The first one was The Trouble With Harry, a light comedic tale. The trouble with Harry is that he’s very inconveniently dead, and various people who stumble upon his corpse can’t decide what to do about it. It was a really beautiful and colorful film, and I was impressed by the talent of baby Jerry Mathers, who looked like he might have been about four years old in this. Made me wonder how come Opie got all the plum roles.

The other movie was Marnie, about a disturbed young woman with a habit of stealing from her workplaces. An arrogant rich guy blackmails her into marrying him because he thinks he can fix her. At least he got to rape her. I was pleasantly surprised when she did not droop against his broad chest with birdlike chirps of gratitude, but maintained a proper rage against him. There were times when I just wanted to jump up and cheer for her, such as when she handled the situation with the horse.
The final flashback thing was pretty hokey, but overall I really liked this movie. It would have been nice to add a scene where she held her sister-in-law’s head in the toilet, but it was good without that.

I couldn’t sleep the other night, so I watched Passenger 57. My god, that has to be just about the most asinine thing I’ve ever seen. It really made me wonder how shit like that gets made. I won’t discuss it anymore. Wasted far too much time on it already.

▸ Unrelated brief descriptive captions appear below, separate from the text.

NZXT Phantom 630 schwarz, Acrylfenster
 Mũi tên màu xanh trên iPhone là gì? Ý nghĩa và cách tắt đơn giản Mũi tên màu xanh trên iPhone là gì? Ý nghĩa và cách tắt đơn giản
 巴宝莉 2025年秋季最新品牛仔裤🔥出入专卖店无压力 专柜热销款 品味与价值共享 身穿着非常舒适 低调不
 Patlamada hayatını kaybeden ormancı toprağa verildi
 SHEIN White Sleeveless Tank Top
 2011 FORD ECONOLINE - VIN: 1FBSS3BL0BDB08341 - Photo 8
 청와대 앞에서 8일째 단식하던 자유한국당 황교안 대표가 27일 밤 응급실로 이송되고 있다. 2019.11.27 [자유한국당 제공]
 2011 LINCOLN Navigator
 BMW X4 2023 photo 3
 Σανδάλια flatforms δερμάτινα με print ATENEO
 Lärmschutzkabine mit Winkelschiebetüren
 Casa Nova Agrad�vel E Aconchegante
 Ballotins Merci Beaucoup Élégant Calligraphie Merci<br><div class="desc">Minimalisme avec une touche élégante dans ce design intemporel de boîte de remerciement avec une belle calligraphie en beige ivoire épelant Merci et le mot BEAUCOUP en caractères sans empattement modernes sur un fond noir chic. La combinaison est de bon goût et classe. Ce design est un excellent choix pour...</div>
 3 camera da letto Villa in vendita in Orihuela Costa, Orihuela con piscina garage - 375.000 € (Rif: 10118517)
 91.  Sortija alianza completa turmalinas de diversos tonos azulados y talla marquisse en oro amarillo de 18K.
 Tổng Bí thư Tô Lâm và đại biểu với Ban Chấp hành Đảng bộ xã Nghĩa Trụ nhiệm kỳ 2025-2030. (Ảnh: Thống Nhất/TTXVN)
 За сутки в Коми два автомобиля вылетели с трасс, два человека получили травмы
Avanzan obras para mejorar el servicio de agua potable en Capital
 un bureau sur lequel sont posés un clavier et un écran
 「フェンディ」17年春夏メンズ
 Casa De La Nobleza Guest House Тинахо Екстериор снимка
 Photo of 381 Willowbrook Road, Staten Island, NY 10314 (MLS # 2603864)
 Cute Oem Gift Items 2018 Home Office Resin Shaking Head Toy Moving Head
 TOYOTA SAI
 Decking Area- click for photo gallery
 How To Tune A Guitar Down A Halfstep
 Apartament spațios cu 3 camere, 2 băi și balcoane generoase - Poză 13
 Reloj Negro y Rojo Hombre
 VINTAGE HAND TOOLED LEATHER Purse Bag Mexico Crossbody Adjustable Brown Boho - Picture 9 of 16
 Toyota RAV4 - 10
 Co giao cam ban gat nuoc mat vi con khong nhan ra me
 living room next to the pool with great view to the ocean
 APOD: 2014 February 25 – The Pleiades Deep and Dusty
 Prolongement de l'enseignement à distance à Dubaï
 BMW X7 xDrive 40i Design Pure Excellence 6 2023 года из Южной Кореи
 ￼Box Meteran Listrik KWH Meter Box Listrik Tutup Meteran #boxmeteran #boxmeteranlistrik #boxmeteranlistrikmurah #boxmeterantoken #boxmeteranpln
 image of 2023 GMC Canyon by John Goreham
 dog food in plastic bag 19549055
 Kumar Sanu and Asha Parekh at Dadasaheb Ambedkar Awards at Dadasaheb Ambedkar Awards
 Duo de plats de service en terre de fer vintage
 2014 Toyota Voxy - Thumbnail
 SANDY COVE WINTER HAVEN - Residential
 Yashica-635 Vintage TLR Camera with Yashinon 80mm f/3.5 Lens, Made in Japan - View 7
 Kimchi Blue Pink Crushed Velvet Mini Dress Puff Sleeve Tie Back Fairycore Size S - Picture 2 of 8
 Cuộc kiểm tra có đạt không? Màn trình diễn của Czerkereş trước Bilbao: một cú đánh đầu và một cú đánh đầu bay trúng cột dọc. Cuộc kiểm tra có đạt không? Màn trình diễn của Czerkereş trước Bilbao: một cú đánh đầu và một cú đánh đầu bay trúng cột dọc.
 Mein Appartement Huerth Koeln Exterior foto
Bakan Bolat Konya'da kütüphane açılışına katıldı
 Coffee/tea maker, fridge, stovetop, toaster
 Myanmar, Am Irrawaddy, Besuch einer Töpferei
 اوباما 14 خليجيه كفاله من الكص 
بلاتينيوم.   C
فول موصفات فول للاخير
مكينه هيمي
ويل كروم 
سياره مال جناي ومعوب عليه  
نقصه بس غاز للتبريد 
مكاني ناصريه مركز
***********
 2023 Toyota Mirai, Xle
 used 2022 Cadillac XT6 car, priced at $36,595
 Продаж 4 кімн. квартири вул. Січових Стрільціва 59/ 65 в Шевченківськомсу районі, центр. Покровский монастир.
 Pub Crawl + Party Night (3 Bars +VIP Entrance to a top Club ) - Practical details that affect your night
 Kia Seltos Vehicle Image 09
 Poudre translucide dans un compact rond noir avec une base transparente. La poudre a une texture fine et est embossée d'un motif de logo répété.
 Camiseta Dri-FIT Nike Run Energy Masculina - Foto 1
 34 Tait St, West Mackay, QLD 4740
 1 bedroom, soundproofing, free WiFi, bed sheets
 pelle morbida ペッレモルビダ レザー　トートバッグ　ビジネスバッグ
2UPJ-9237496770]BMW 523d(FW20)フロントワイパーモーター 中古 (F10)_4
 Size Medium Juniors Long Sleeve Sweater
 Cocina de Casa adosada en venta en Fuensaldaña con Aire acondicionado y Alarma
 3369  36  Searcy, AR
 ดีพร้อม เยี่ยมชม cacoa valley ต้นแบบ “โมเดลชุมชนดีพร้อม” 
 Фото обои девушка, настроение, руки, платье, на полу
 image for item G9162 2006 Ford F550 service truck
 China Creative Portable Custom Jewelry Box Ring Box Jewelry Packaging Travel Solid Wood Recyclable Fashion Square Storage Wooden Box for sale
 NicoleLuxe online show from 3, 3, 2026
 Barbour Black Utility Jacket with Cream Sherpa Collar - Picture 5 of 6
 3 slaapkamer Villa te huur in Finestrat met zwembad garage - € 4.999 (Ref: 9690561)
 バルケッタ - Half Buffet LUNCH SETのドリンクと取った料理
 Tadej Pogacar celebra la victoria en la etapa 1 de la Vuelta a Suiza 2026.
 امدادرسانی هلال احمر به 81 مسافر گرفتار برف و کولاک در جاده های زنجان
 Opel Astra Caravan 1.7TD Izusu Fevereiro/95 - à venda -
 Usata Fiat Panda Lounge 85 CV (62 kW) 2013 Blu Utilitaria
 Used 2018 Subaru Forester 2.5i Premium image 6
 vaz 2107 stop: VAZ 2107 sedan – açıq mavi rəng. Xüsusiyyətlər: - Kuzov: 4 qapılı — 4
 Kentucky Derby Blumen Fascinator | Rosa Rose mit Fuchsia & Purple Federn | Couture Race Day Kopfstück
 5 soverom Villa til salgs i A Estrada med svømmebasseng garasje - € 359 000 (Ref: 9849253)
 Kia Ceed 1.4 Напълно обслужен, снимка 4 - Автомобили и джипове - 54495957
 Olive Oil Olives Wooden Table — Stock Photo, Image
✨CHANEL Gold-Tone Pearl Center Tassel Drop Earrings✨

My wife and I saw Akira (1988) in the cinema last night. The local cinema isn’t showing quite as many old movies as they were during the movie drought back in June-July, but there’s still a few turning up.
Pretty cool to see it on the big screen. It did make reading the subtitles a little more hurried, especially when signs and headlines were being translated across the top of the screen, with dialogue appearing on the bottom. Fortunately, we’re both familiar with it.
(I realize this makes me an uncultured boor, but I still prefer dubbed over subbed, unless the dubbing is just atrocious, which doesn’t seem to happen much anymore.)